**ASSIGNMENT:**
Repeat the records below exactly, from the first line through the line containing "Valigia con abiti", and leave out any pictures.

(Caption-style text data)
<<<<
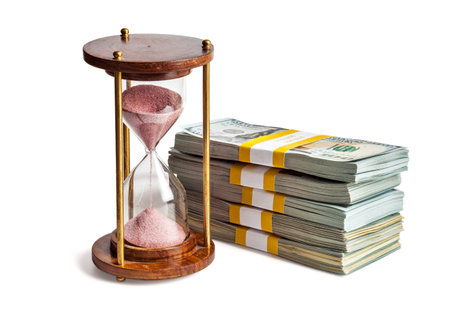 Time is money loan concept background - hourglass and stack of new 100 US dollars 2013 edition...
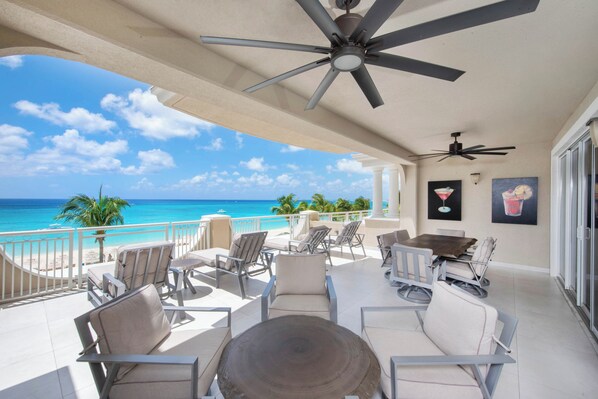 A balcony with a view of the ocean, furnished with chairs and a table, and ceiling fans. - Beachcomber 12 by Grand Cayman Villas (7 Mile Beach)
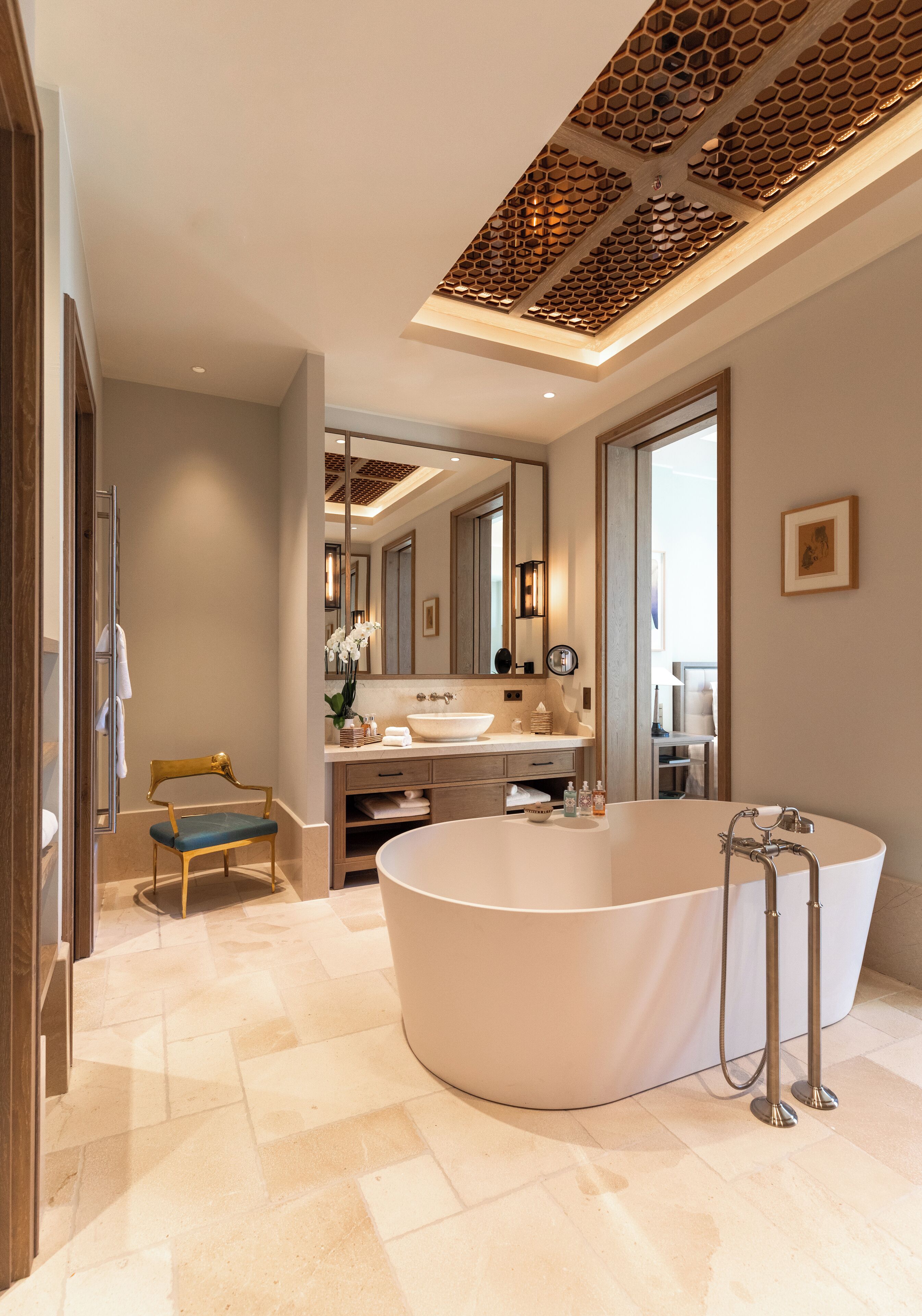 A modern bathroom with a freestanding bathtub, a vanity with a mirror, and a chair.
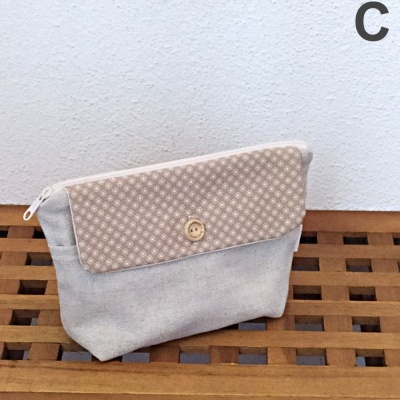 Bolsa pequena de tecido cinzento claro com aba rosa claro e padrão de bolinhas brancas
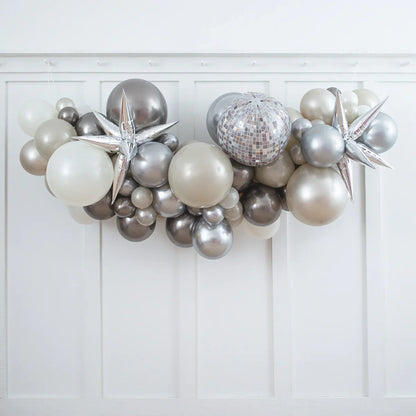 Metallic silver, pearl white, and gray balloon garland with star-shaped and disco ball balloons on white wall
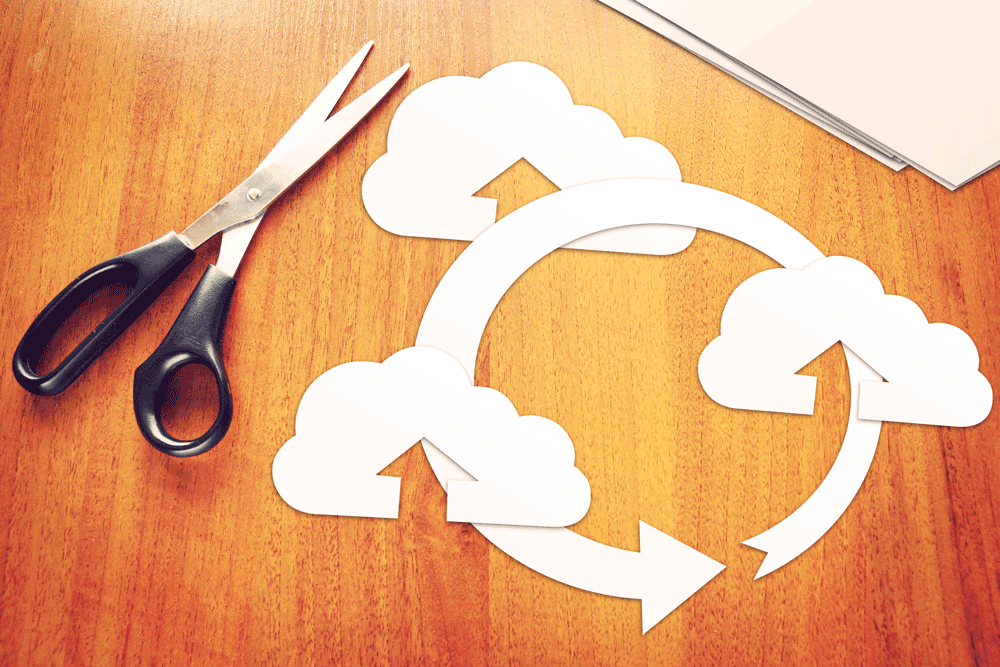 Clouds and arrow cut out on desk depicting cloud computing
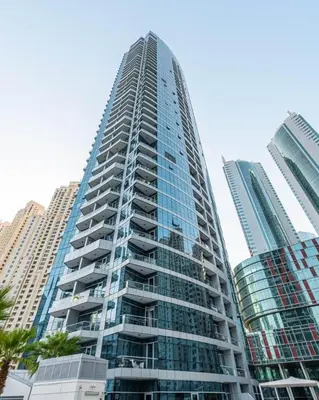 a tall building with glass windows in a city at GuestReady - Lux home amid Dubai Marina and JBR in Dubai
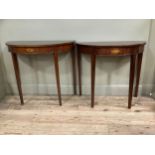 Pair of reproduction mahogany demi lune tables with inlaid cartouches to the front on straight legs,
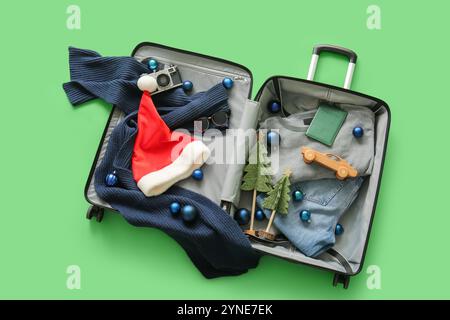 Valigia con abiti invernali, accessori da viaggio e decorazioni natalizie su sfondo verde. Vista dall'alto Foto Stock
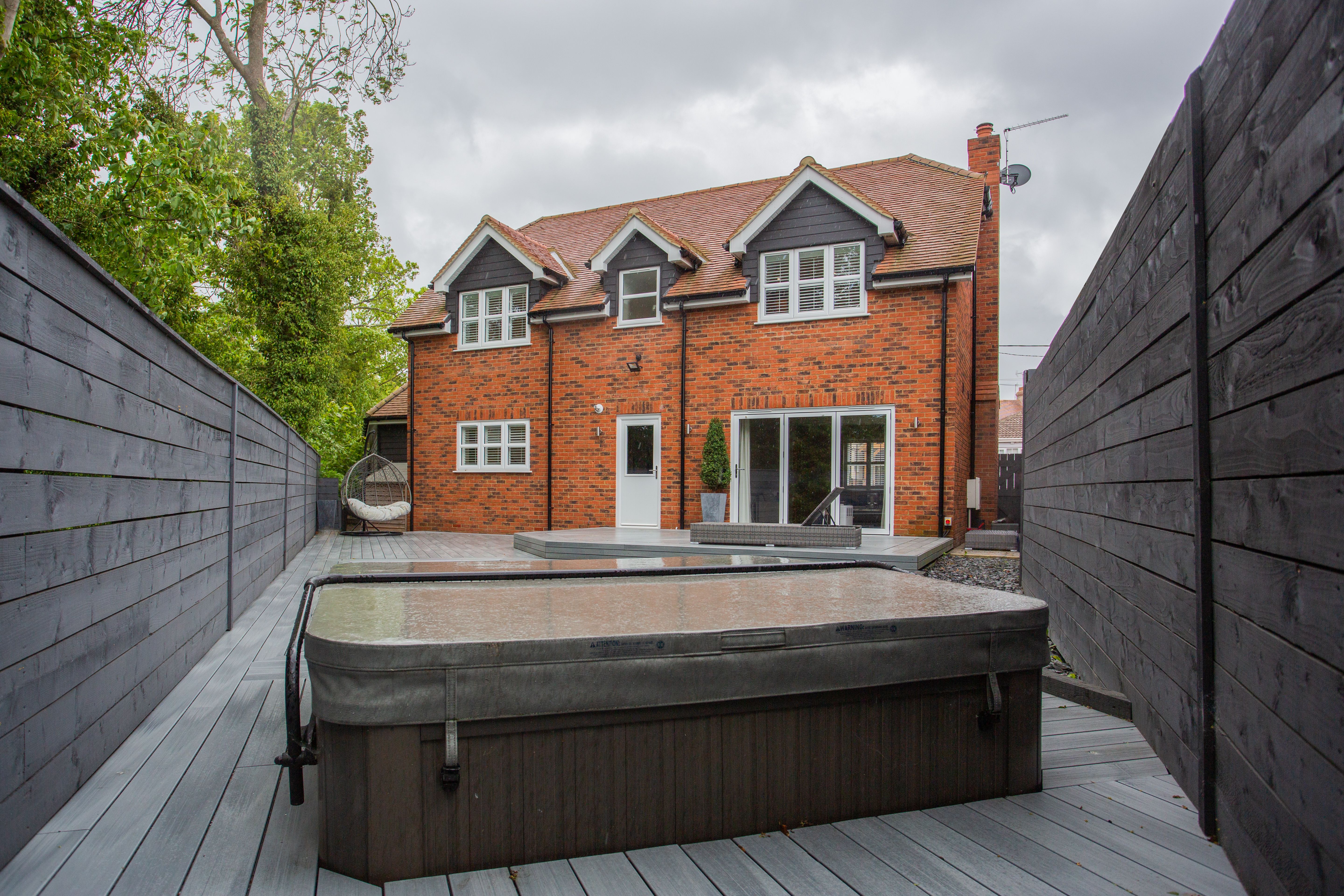 Covered hot tub on a backyard deck beside a brick house.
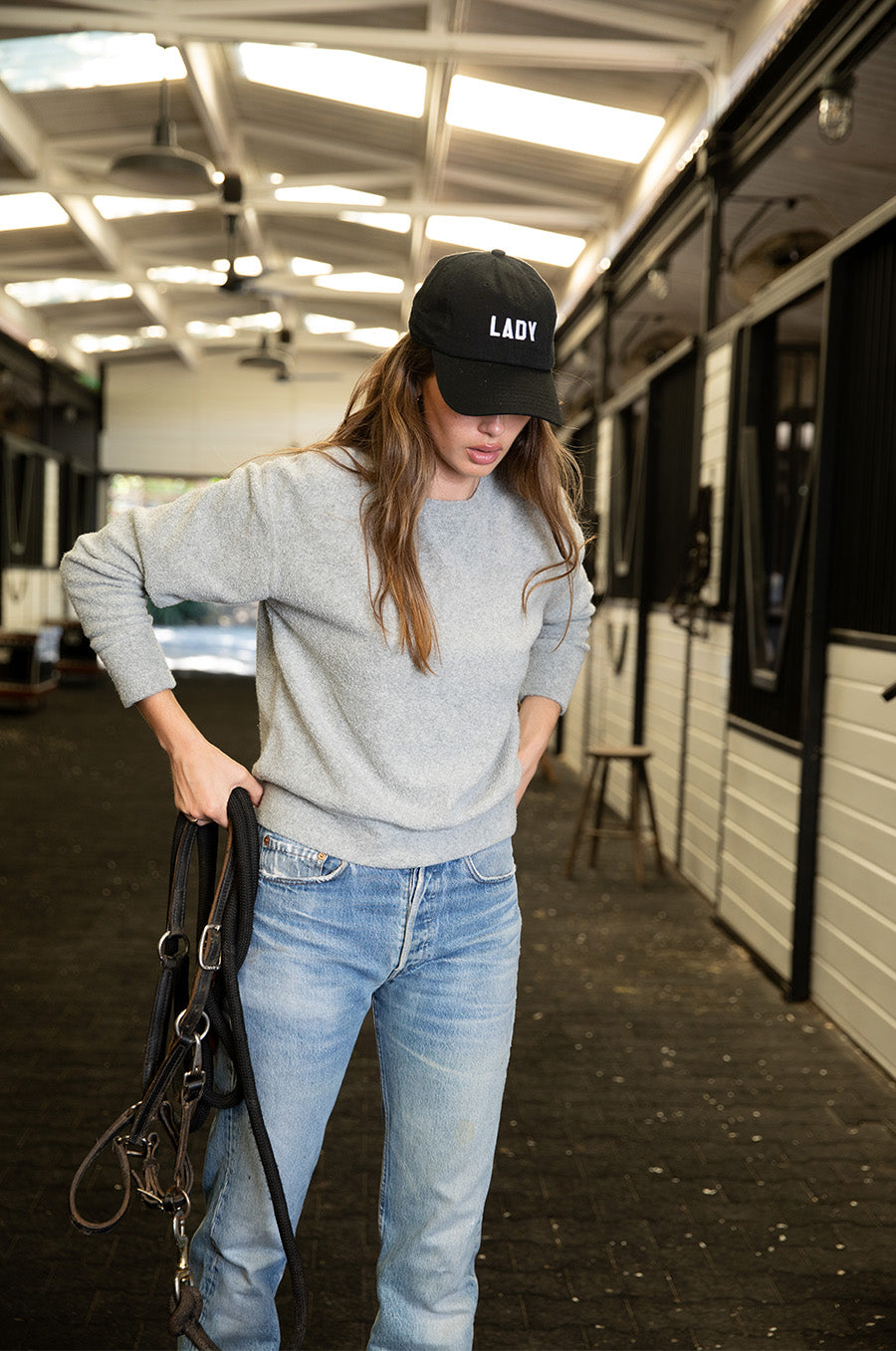 Brunette model wearing the lady & the sailor Lady Baseball Cap in Black and White.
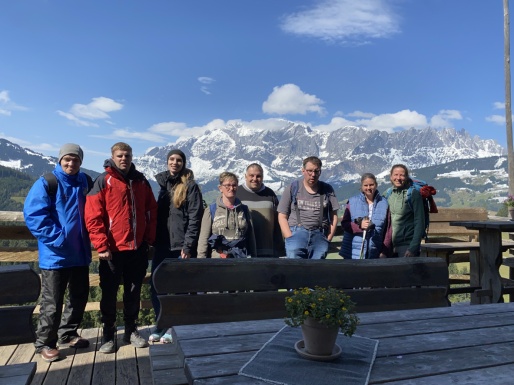 Gruppenfoto von Männern und Frauen mit schneebedeckten Bergen im Hintergrund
>>>>
**THE COMPLETED TASK:**
 Time is money loan concept background - hourglass and stack of new 100 US dollars 2013 edition...
 A balcony with a view of the ocean, furnished with chairs and a table, and ceiling fans. - Beachcomber 12 by Grand Cayman Villas (7 Mile Beach)
 A modern bathroom with a freestanding bathtub, a vanity with a mirror, and a chair.
 Bolsa pequena de tecido cinzento claro com aba rosa claro e padrão de bolinhas brancas
 Metallic silver, pearl white, and gray balloon garland with star-shaped and disco ball balloons on white wall
 Clouds and arrow cut out on desk depicting cloud computing
 a tall building with glass windows in a city at GuestReady - Lux home amid Dubai Marina and JBR in Dubai
 Pair of reproduction mahogany demi lune tables with inlaid cartouches to the front on straight legs,
 Valigia con abiti invernali, accessori da viaggio e decorazioni natalizie su sfondo verde. Vista dall'alto Foto Stock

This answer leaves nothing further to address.